Why this conversion matters in chemistry

Tablet-dose continuity across formulation history is one of the everyday contexts. The classic aspirin tablet at 325 mg traces back to a 5-grain historical dose: 5 × 64.79891 mg/grain = 323.99 mg, rounded to 325 mg in modern labelling. Worth doing carefully when reconciling a grain-stated 1950s monograph against the mg-stated current label. The constant of 0.015432 grains per mg is exact through 1 grain = 64.79891 mg, set by the international avoirdupois pound definition. The grain survives mostly in legacy pharmacy references and some compounding contexts.

Formula

grains = mg × 0.015432

Worked Examples

64.799 mg = 1 gr

One grain in mg — the conversion anchor in reverse.

325 mg = 5.015 gr

Modern aspirin tablet — the historical 5-grain dose carried forward.

1000 mg = 15.432 gr

One gram in grains — useful as a quick scale check.

500 mg = 7.716 gr

500 mg capsule — about a 7.5-grain historical equivalent.

Frequently Asked Questions

How do I convert mg to grains?
Multiply by 0.015432, or equivalently divide by 64.799. So 325 mg becomes 5.015 grains. The factor is exact through the international avoirdupois pound definition.
Is the grain used in modern pharmacy?
Rarely. Modern pharmacy stays in mg and g exclusively.

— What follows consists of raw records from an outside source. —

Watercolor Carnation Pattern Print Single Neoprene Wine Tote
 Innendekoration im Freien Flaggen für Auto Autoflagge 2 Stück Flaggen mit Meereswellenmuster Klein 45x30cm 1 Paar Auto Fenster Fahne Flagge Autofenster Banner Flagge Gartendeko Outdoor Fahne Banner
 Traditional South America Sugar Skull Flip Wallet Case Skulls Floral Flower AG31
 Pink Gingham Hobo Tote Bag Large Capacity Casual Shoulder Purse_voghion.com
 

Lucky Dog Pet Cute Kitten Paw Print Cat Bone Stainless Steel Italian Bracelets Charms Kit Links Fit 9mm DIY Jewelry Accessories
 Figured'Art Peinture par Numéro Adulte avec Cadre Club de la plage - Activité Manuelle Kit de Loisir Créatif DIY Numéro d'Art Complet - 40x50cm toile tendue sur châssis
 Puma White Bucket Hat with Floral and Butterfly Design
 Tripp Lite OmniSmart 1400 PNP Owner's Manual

The grain survives in older formulary references and some traditional compounding contexts, where the conversion is the bridge to current pharmacopoeial dose specifications.
What's a useful mental anchor?
1 grain ≈ 65 mg, close enough for any quick scale check between historical and modern doses. Classic aspirin was 5 grains = 325 mg under the modern conversion. The approximation works for most historical-reference interpretation.